- _Problem to solve_
Repeat every entry exactly as it appears.

- _Exercise inputs_
___

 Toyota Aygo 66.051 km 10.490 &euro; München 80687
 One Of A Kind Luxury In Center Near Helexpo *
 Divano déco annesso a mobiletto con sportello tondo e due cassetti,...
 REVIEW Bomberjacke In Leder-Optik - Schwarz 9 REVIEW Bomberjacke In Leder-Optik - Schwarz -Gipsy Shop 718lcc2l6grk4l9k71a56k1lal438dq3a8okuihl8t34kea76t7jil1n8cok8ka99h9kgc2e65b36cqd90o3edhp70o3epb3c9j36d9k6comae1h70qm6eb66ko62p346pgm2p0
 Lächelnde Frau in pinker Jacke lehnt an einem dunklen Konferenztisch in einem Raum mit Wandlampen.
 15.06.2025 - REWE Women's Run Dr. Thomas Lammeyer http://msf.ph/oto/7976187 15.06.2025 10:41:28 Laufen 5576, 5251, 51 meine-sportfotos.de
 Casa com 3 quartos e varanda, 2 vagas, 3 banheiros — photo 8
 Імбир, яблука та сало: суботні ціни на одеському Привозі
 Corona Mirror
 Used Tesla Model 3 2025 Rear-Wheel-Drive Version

___

- _Output for this task_
 Toyota Aygo 66.051 km 10.490 &euro; München 80687
 One Of A Kind Luxury In Center Near Helexpo *
 Divano déco annesso a mobiletto con sportello tondo e due cassetti,...
 REVIEW Bomberjacke In Leder-Optik - Schwarz 9 REVIEW Bomberjacke In Leder-Optik - Schwarz -Gipsy Shop 718lcc2l6grk4l9k71a56k1lal438dq3a8okuihl8t34kea76t7jil1n8cok8ka99h9kgc2e65b36cqd90o3edhp70o3epb3c9j36d9k6comae1h70qm6eb66ko62p346pgm2p0
 Lächelnde Frau in pinker Jacke lehnt an einem dunklen Konferenztisch in einem Raum mit Wandlampen.
 15.06.2025 - REWE Women's Run Dr. Thomas Lammeyer http://msf.ph/oto/7976187 15.06.2025 10:41:28 Laufen 5576, 5251, 51 meine-sportfotos.de
 Casa com 3 quartos e varanda, 2 vagas, 3 banheiros — photo 8
 Імбир, яблука та сало: суботні ціни на одеському Привозі
 Corona Mirror
 Used Tesla Model 3 2025 Rear-Wheel-Drive Version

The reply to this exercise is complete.